● **ACTIVITY**
Copy out exactly the stretch below, from the line with "Get rid of them" through the line with "Catheter length, patient", both included; the pictures stay out.

● **GIVEN INFORMATION**
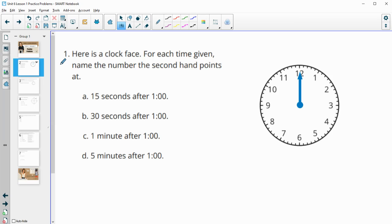Number one gives us a clock and for each time given they want us to name the number that the second hand points to. So if we are just 15 seconds after one o'clock, where would our second hand be pointing? Each of these little dashes is one second, so this is 5, 10, 15 seconds.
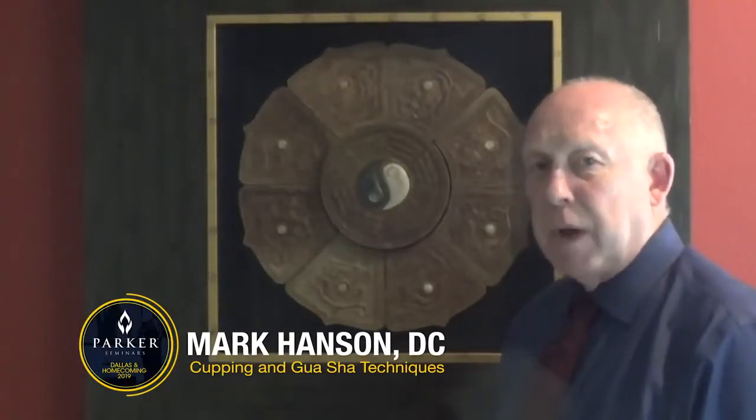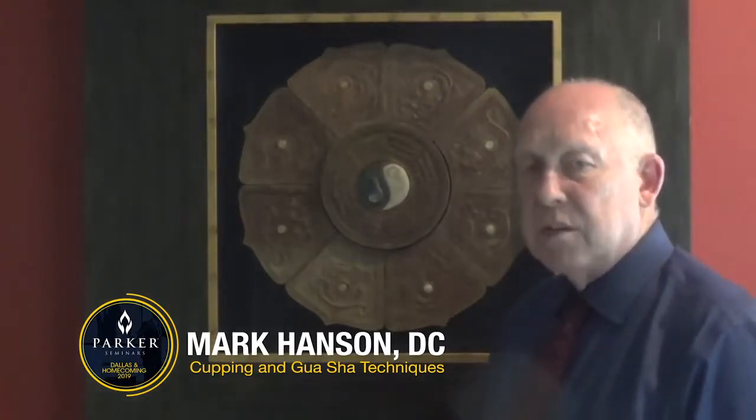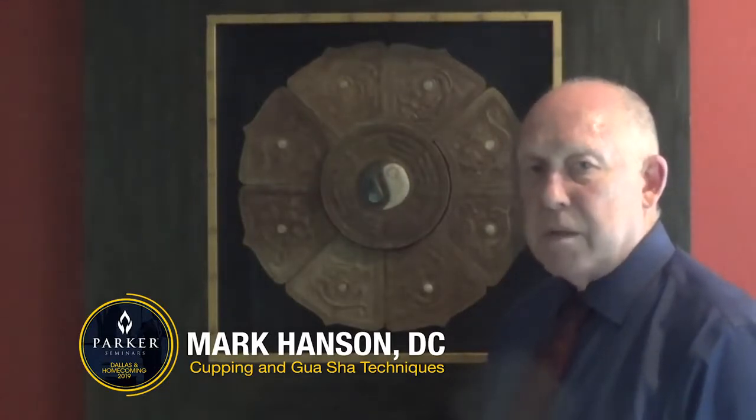I'm Dr. Mark Hansen, Doctor of Chiropractic, Licensed Acupuncturist in the State of Texas. This fall I'm going to be teaching at the Parker Seminars. I have two classes — one is called Cupping, the other is Gua Sha.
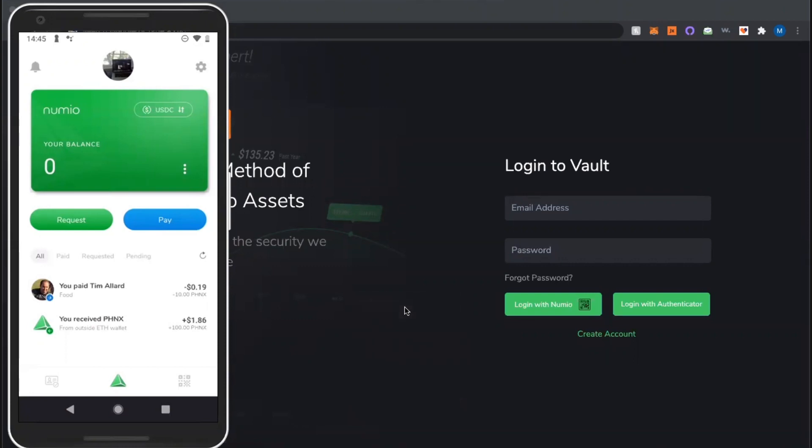Alright, what's going on everybody — this is Mark, one of the co-founders of Numeo, here to show you how this awesome new authentication solution that we have developed actually works. On the left hand side we have a mirrored screen of Numeo Pay, and on the main screen here we have Numeo Vault. So here I'm going to show you how Login with Numeo works.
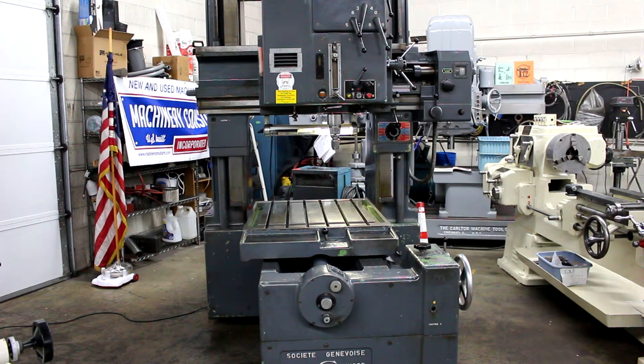Hi, this is Bill with Machinery Consultants out in Salt Lake City, Utah. We'd like to thank you for your time to preview this pre-owned, very limited-use SIP jig bore. It happens to be a high-precision, bridge-type, vertical spindle jig boring machine. It's a SIP jig bore model MP-5E.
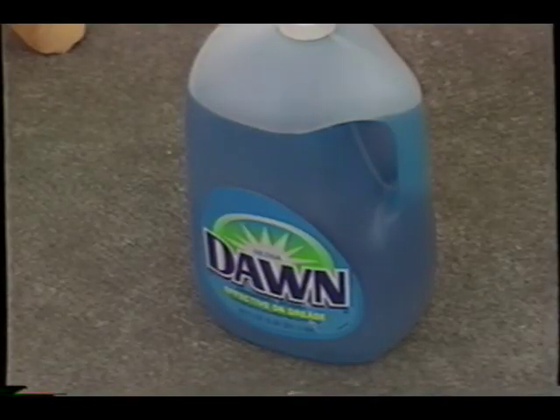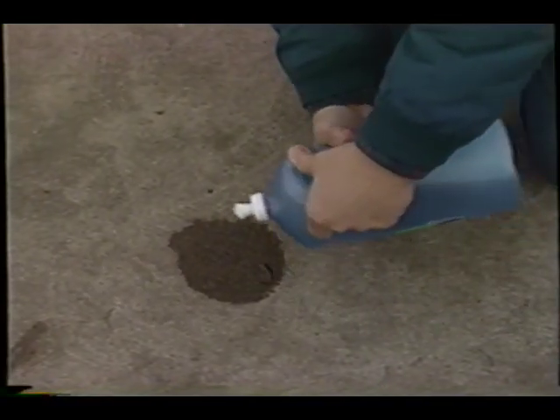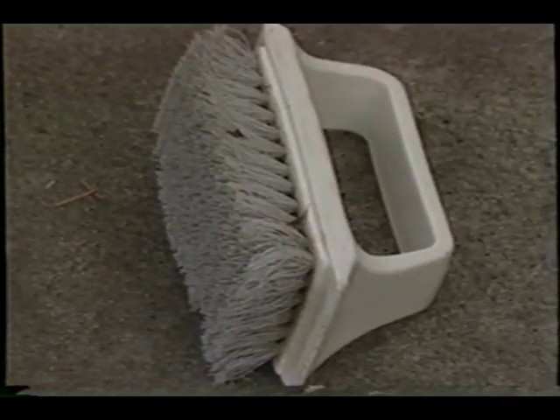Get rid of them as quickly as possible. Now just go get some regular liquid dishwashing soap, spread it on the stain, take some water and a nice nylon scrub brush, and get to work. Start scrubbing the concrete or the blacktop, then rinse it off and check your results.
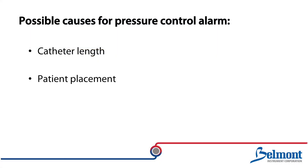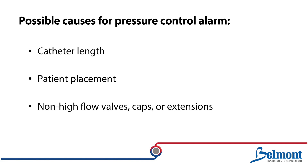Catheter length, patient placement, and non-high flow valves, caps, or extensions may all reduce the maximum achievable infusion rate.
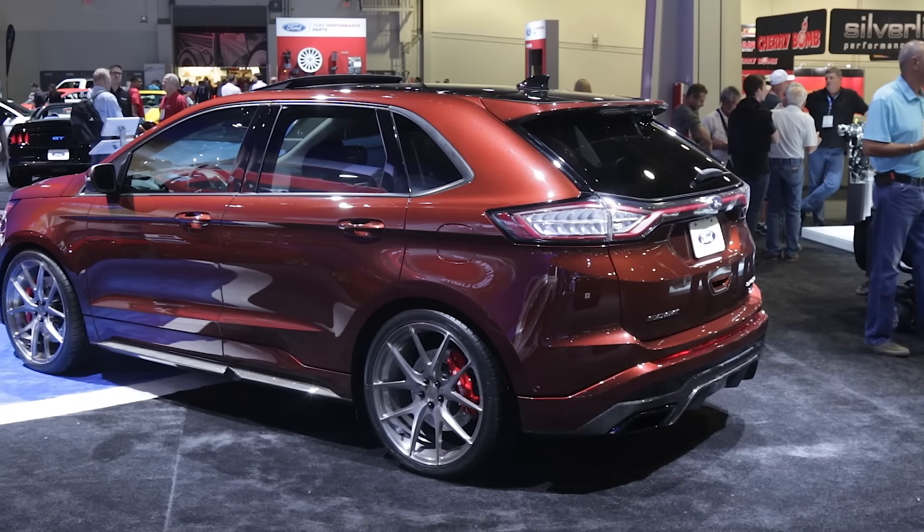You're saving fuel, reducing engine wear and tear, and prolonging turbo life because you're not spitting raw or unburned fuel through the turbo. Speaking of turbos, we're standing in front of a Ford Edge which has a 2.7 liter twin turbo EcoBoost engine.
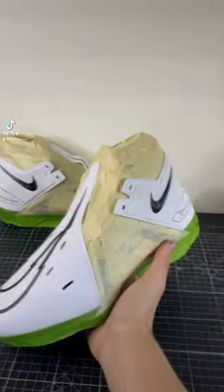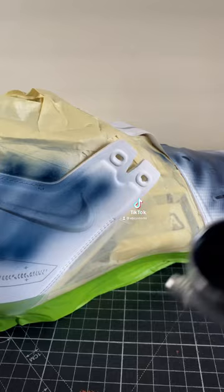My most important custom by far. Today we are making custom cleats for Mac Jones. If you don't know who Mac Jones is, he's the Patriots QB. I also live in New England, so I'm a huge Patriots fan, so these are a huge custom for me.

● **RESPONSE**
Get rid of them as quickly as possible. Now just go get some regular liquid dishwashing soap, spread it on the stain, take some water and a nice nylon scrub brush, and get to work. Start scrubbing the concrete or the blacktop, then rinse it off and check your results.
Catheter length, patient placement, and non-high flow valves, caps, or extensions may all reduce the maximum achievable infusion rate.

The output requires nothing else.